Internet Troll’s “Political Shenanigans” Are Protected Speech--State v. Hirschman (Guest Blog Post)

Internet Troll’s “Political Shenanigans” Are Protected Speech–State v. Hirschman (Guest Blog Post)

By guest blogger Prof. Jane Bambauer, University of Arizona James E. Rodgers College of Law

Aaron Hirschman, a self-proclaimed “Internet troll,” posted the following message on Craigslist:

Wanna make an easy $20 for voting? (Downtown Bend)

Are you interested in making a quick and easy $20? Meet us in the parking lot downtown near the drop off voting booth this weekend. All you need to do is bring your UNFILLED clean voting ballot and let us fill it out then you sign, and we hand it to the volunteer in the voting booth. Its that simple! Then you get $20. We’ll be there all weekend through tuesday.

Everybody, including state prosecutors, agreed that Hirschman had no intention of actually buying votes or carrying out this plan. His post was what the state called a “political shenanigan,” designed to provoke reactions by taking an absurd or offensive position.

troll

Unfortunately for Hirschman, his trolling was not obvious enough for the government’s liking. Even though nobody replied to Hirschman’s post, the Oregon Secretary of State’s office thought the post would be reasonably interpreted as a genuine proposal to create a contract. He was charged with and convicted of violating ORS 260.715(9), which states that “a person may not [] offer to purchase, for money or other valuable consideration, any official ballot [].”

On appeal, Hirschman made two key arguments: First, the trial court misinterpreted the meaning of the word “offer” in the statute by failing to incorporate an intent element that would require the state to prove he had a subjective intent to form a contract. Second, if the statute did apply to Hirschman’s post, then it violated his constitutional right to free expression under the Oregon Constitution (though the analysis would share many similarities to a First Amendment challenge under the U.S. Constitution.)

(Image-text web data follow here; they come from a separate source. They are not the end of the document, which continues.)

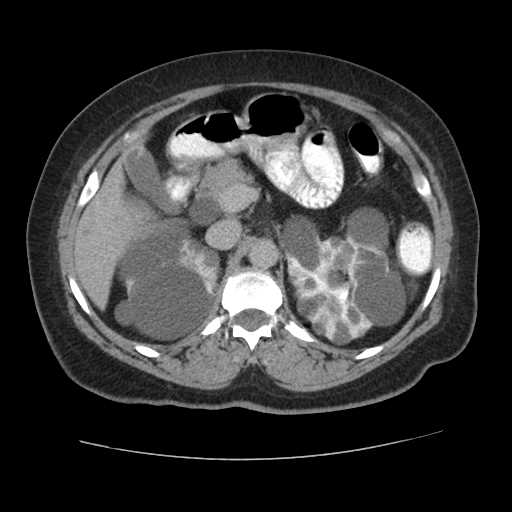 Autosomal dominant polycystic kidney disease with hepatic involvement (Radiopaedia 32693-33662 C 26).jpg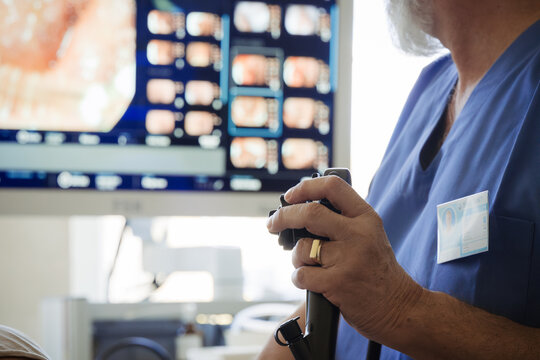 Doctor looking at monitior during gastroscopy procedure, examining upper digestive tract.
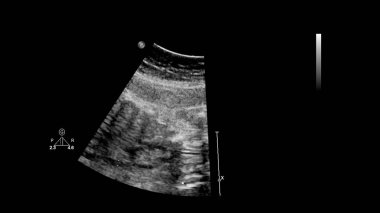 Fetal ekokardiyografi ile ultrasonografi ekranı.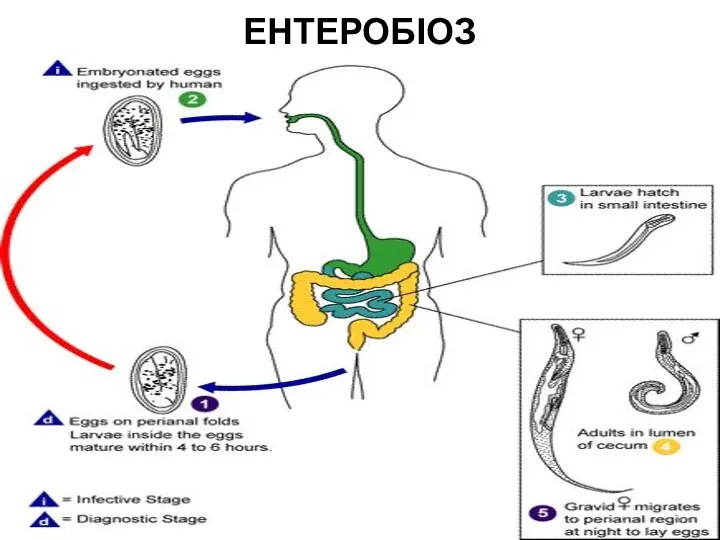 ЕНТЕРОБІОЗ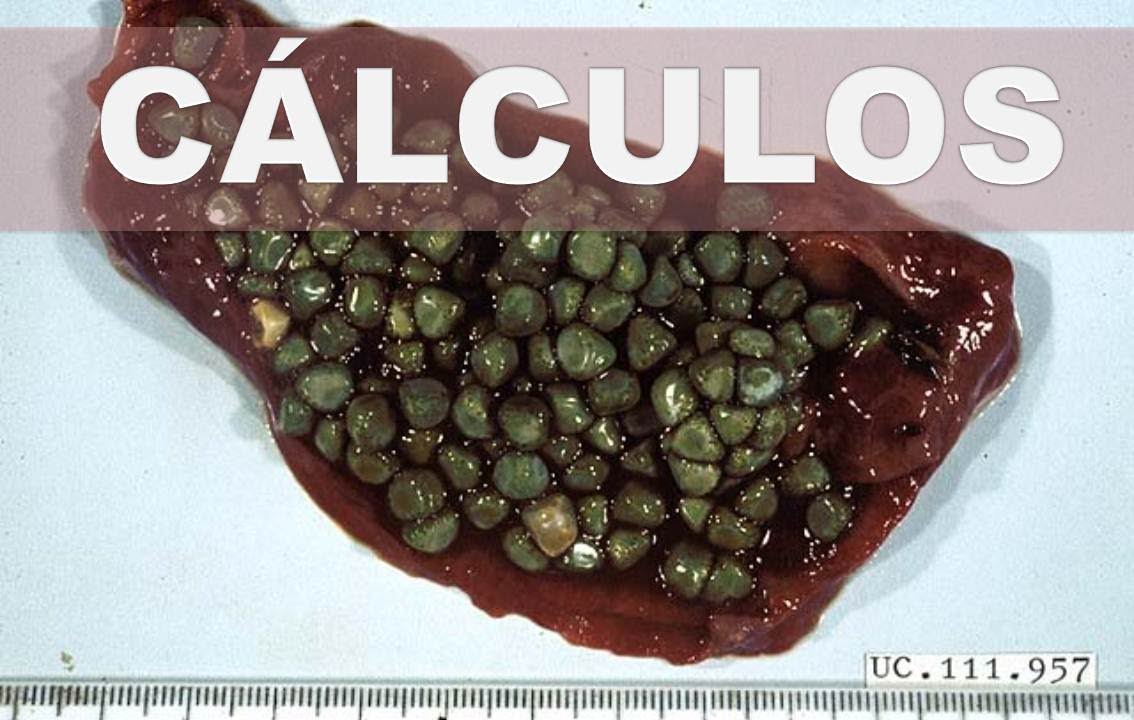 como eliminar piedras de la vesicula con remedios naturales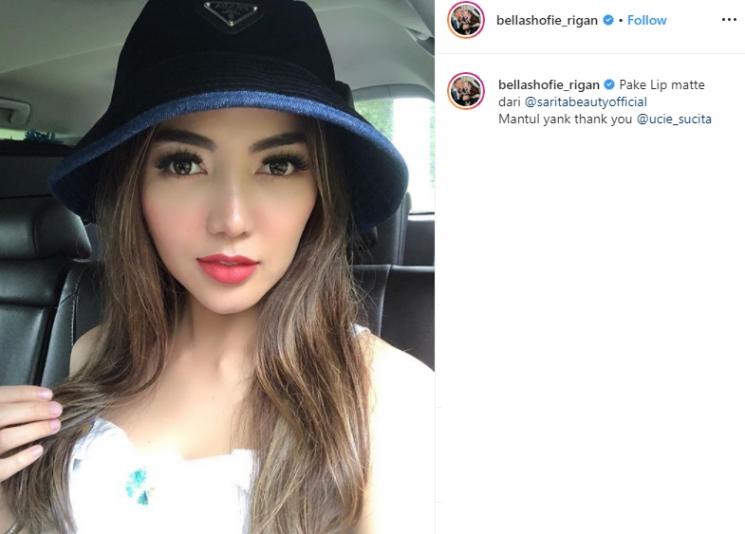 5 Artis Punya Alergi Tak Biasa, Ada yang Alergi Bedak Bayi - MataMata.com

The Court of Appeals reversed Hirschman’s conviction. But the analytical path it took to reach its result is a bit surprising.

The court could have avoided a free speech analysis by interpreting the Oregon statute as the defendant suggested—requiring subjective intent by the offeror to actually enter into an illegal contract. This would have allowed the court to dispose the case on statutory rather than constitutional grounds. But the court declined. After consulting Webster’s dictionary and contract-based uses of the term “offer,” the court explained that the Oregon statute must sweep broader than the defendant suggests. The defendant’s version of the statute would be indistinguishable from an attempt to purchase a ballot (which could be charged under a different part of the criminal code).

This seems to me to be a needlessly rote approach to statutory interpretation. Defining the scope of criminal liability is a good time for courts to create legal terms of art that do not match in all respects the way the words are used elsewhere. Crime-facilitating speech is a well-known hazardous area for regulation since it lies at the boundary between protected speech and unprotected conduct. The best way to manage it is to ensure that criminal laws hew closely to transactions, using speech only as evidence of the transaction or preparatory steps. That way, if I make the joke “please, I’ll pay, just somebody please take out the Kardashian family,” the criminal consequences do not teeter on how well or poorly I communicate that I am not serious.

Assessing the defendant’s subjective intent can do some of the work (perhaps not all) to ensure that direct prohibitions of speech are actually targeting a realistic threat. This is why intent is a constitutional requirement in incitement prosecutions. See Dennis v. United States (“The structure and purpose of the statute demand the inclusion of intent as an element of the crime.”) It is worth noting, though, that the Supreme Court still has not clarified whether subjective intent is a constitutional requirement in other similar areas of criminal law like true threats (see Elonis).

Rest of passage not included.